Le sombre portrait du docteur

Un homme sans émotion, derrière un sourire de façade. Le portrait du principal accusé dépeint par les psys est bien sombre.

La tension monte. Les réactions sont de plus en plus acerbes, de plus en plus vives. On sent que le procès d'assises du docteur Letiexhe et de Marie Vossen touche à sa fin...

Hier en début d'après-midi, même le président de la cour d'assises, le conseiller Robert Gérard, pourtant très placide depuis le début des débats, était quelque peu courroucé. Les avocats de Marie Vossen encore plus. La raison ? Un témoin, cité par la défense de Michel Letiexhe, le psychiatre Fernand Goffioul qui tirait à boulets rouges sur la coaccusée... sans l'avoir jamais vu.

Marie Vossen était en pleurs en entendant le tableau qui était fait d'elle sur simple lecture des rapports des experts mandatés par la juge d'instruction et des propos recueillis auprès de Michel Letiexhe. « Les scénarii concernant les deux tantes (NDLR : les victimes) sont imprégnés d'instinct de puissance dans une relation sadomasochiste », déclare le témoin. En contradiction totale avec ce que les experts venaient de dire. Et eux, ils ont vu les coaccusés durant de nombreuses heures.

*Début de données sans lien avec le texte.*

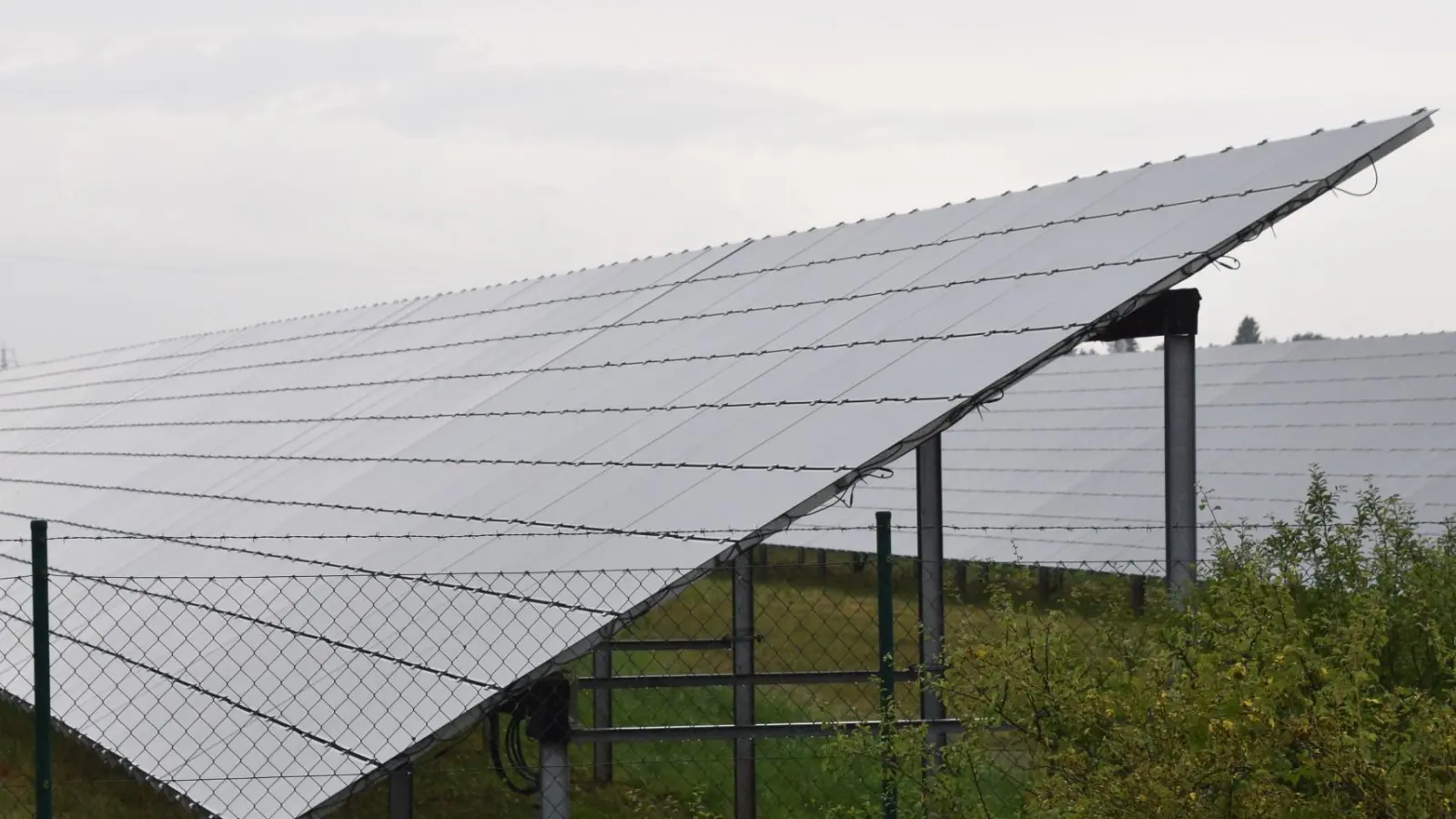 Eine Freiflächen-Solaranlage könnte auch nördlich von Unterntief entstehen. (Symbolbild: Andreas Reum)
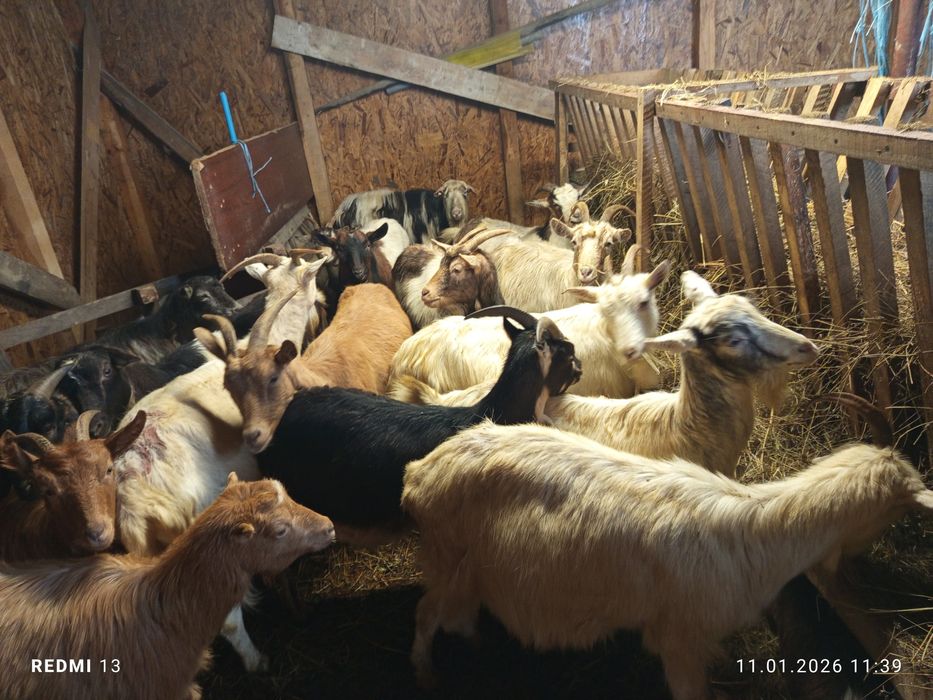 Schimb 60 capre pe 80 oi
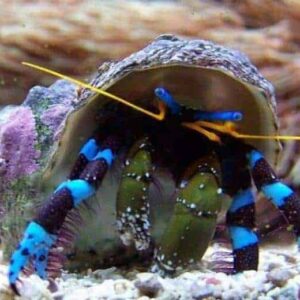 Electric Blue Hermit Crab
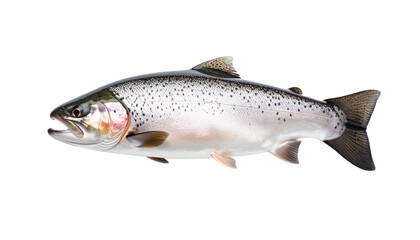 Obraz premium Trout fish isolated on transparent background 
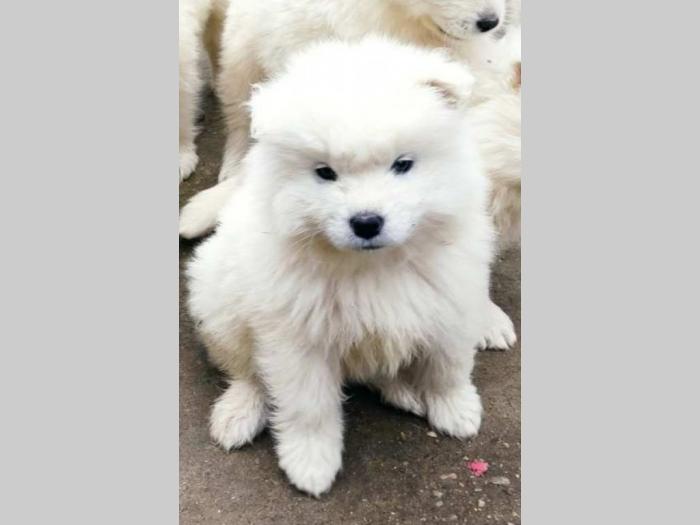samojed štenci besplatni mali oglasi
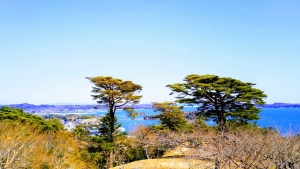 松島湾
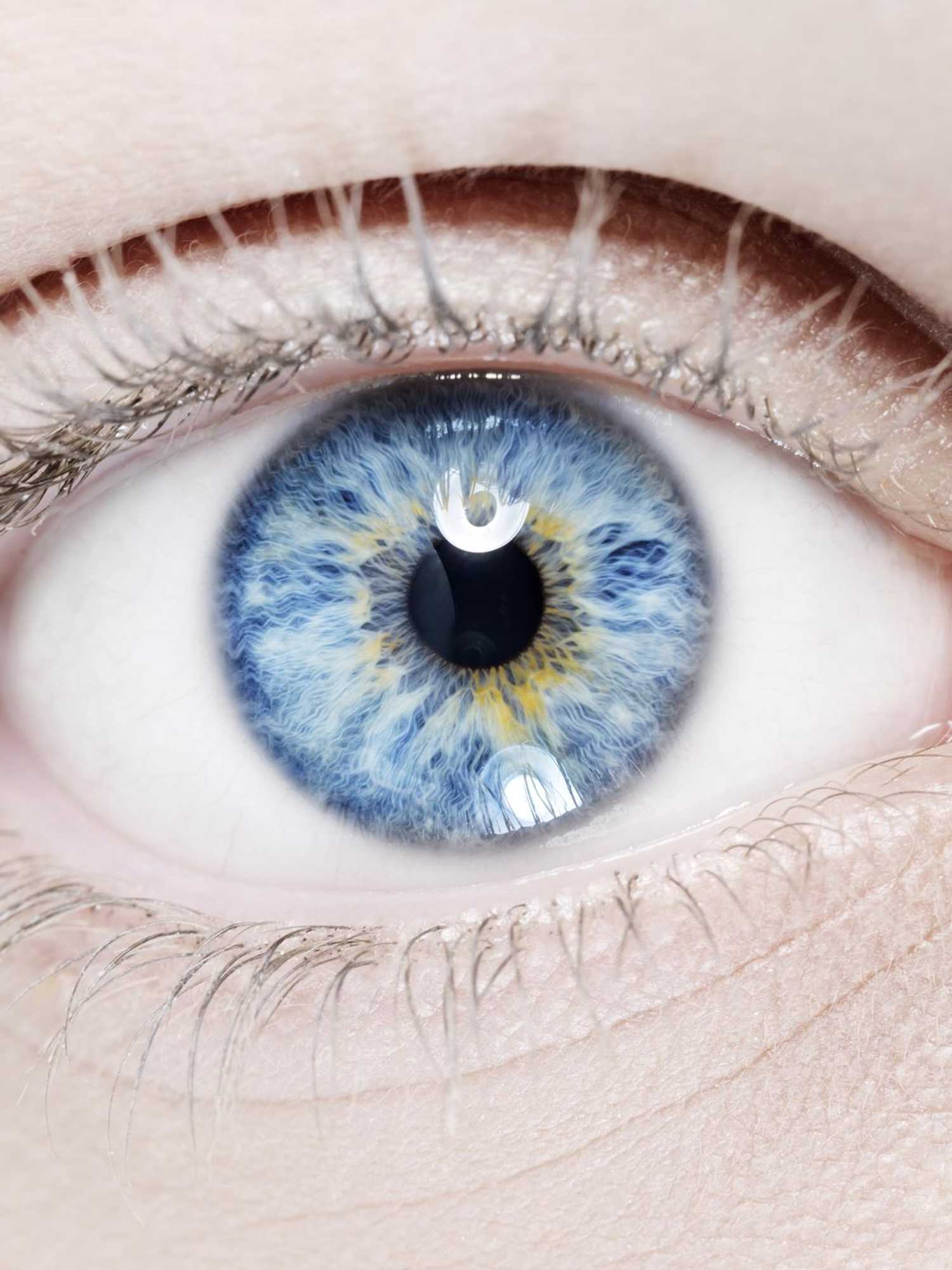 Scientists have managed to 'reverse death' by bringing body part back to life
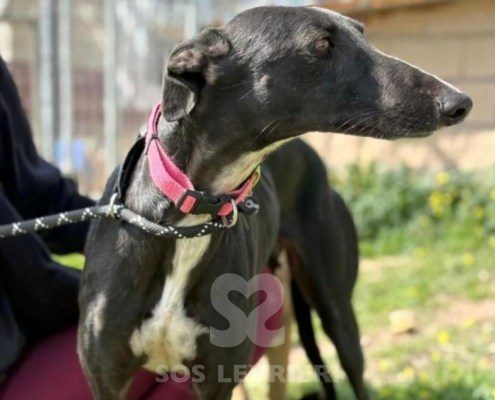 Cristina-Galgo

« Ces scénarii ne cadrent pas avec le fonctionnement psycho-sexuel de Marie Vossen,

a relevé la psychologue Fabienne Glowacz. L'accusée cherchait de la tendresse, elle n'était pas en quête de puissance ou de pouvoir. Ces jeux de rôle, c'est une invention de Michel Letiexhe. »Grâce aux rapports des experts, on a enfin une réponse sur l'attitude de Michel Letiexhe depuis le début de ce procès. Me Mayence le rappelait d'ailleurs lundi à un témoin. « Il est derrière moi. Il est serein. Je le dis, c'est irritant. » Un médecin avait parlé de ce sourire énigmatique dans son témoignage. « C'est un sourire de façade, Michel Letiexhe est coopérant mais hypercontrôlé, et il ne laisse transparaître aucune émotion », dit la psychologue.

Un gardien de la prison de Lantin confirme : Letiexhe est un détenu modèle, un homme de confiance qui s'est occupé de la bibliothèque et gère aujourd'hui le bar. Un « homme de confiance » mais, « je ne l'ai jamais vu pleurer. C'est un homme qui ne manifeste pas ses émotions ».

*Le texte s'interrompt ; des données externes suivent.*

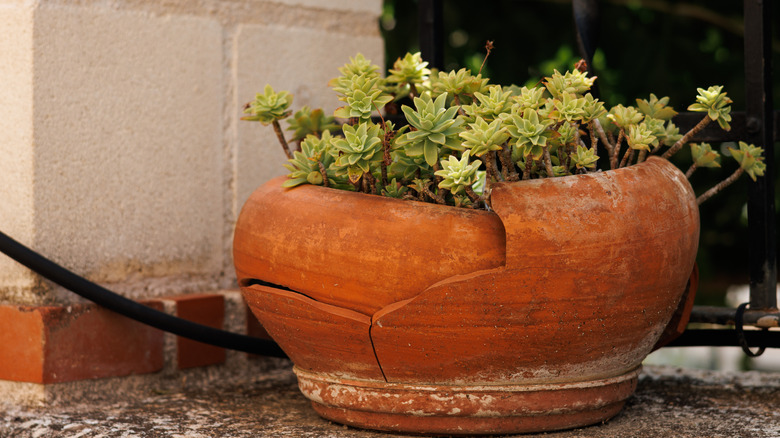 A broken planter pot with green succulents in it.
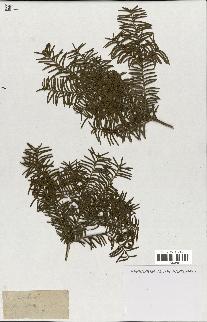 spécimen de Taxus baccata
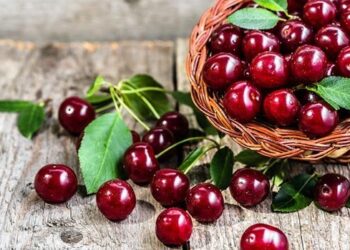 پیش‌بینی برداشت ۳۳ هزار تن گیلاس در استان آذربایجان‌غربی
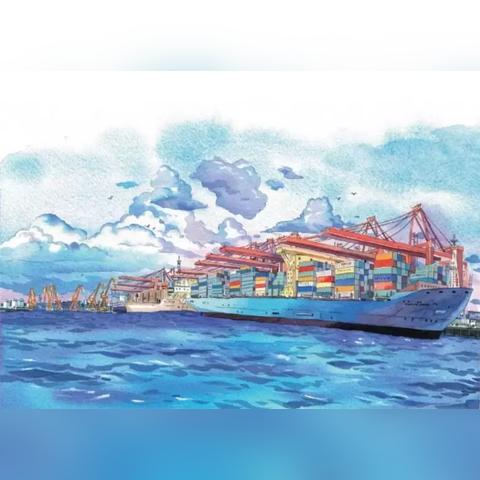 灾圈是什么组织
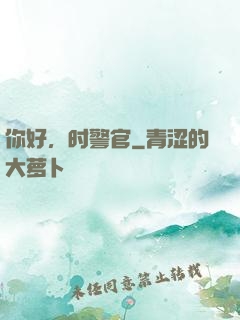 你好，时警官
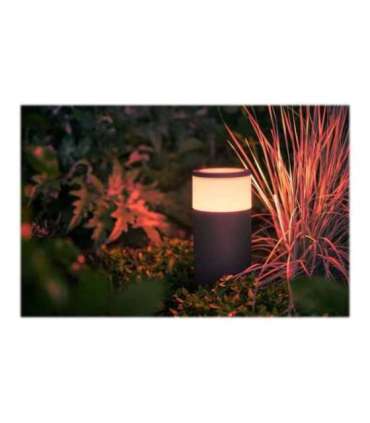 Philips Hue WCA Calla Outdoor Bollard, Black 8 W 2000-6500 Hue White Colour Ambiance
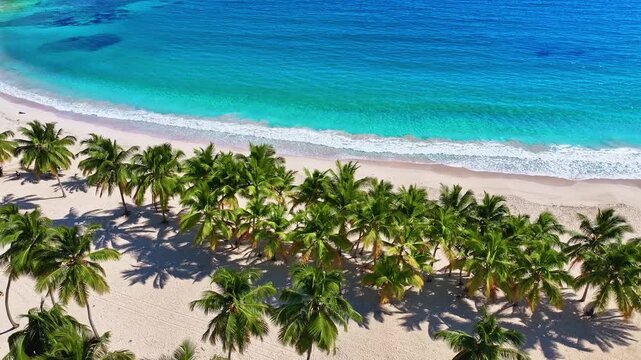 A tropical lagoon with vibrant palm trees on white sand and turquoise waters. Wild Rincon Beach, Samana Island, Dominican Republic. Blue lagoon bay and azure ocean on a sunny summer day.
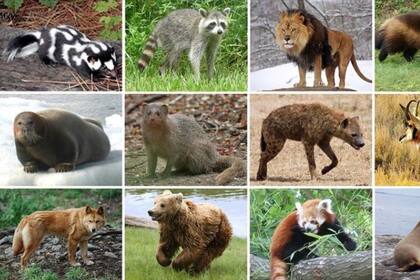 25/10/2023 Una investigación encuentra que los patrones de precipitación global son un impulsor de la diversidad animal POLITICA INVESTIGACIÓN Y TECNOLOGÍA UTAH STATE UNIVERSITY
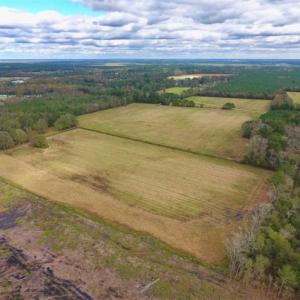Photo of 54 Acres of Farm and Timber Land For Sale in Pitt County NC!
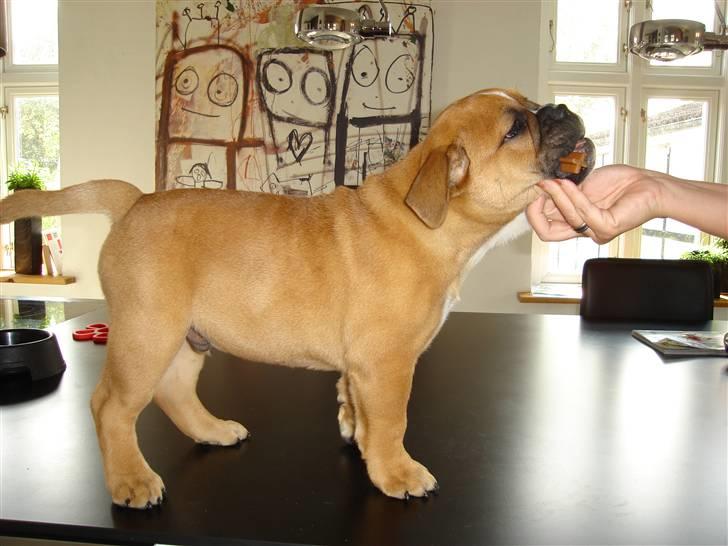 Olde english bulldogge bullgaard,s anton billede 10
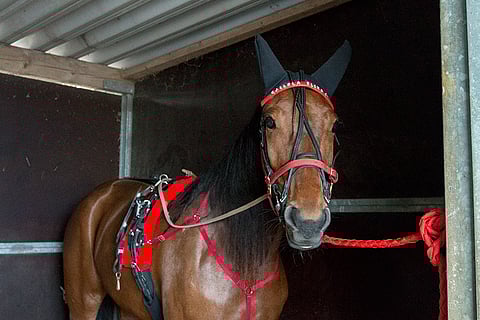 Callela Eliza odottelemassa lähtöä avauskohteen jälkeen tapahtuvaan lämmitykseen.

Le bourgmestre de Spa lui en connaît pourtant des émotions : « c'est un homme bon et chaleureux. Il reste un ami . Je ne l'ai pas cru capable de commettre de tels faits », a-t-il témoigné concernant l'accusé qu'il a fréquenté au Rotary Club. Un rare témoignage qui met un peu d'humanité chez une personnalité que les psychiatres ont, hier, dépeint comme bien sombre.J.J.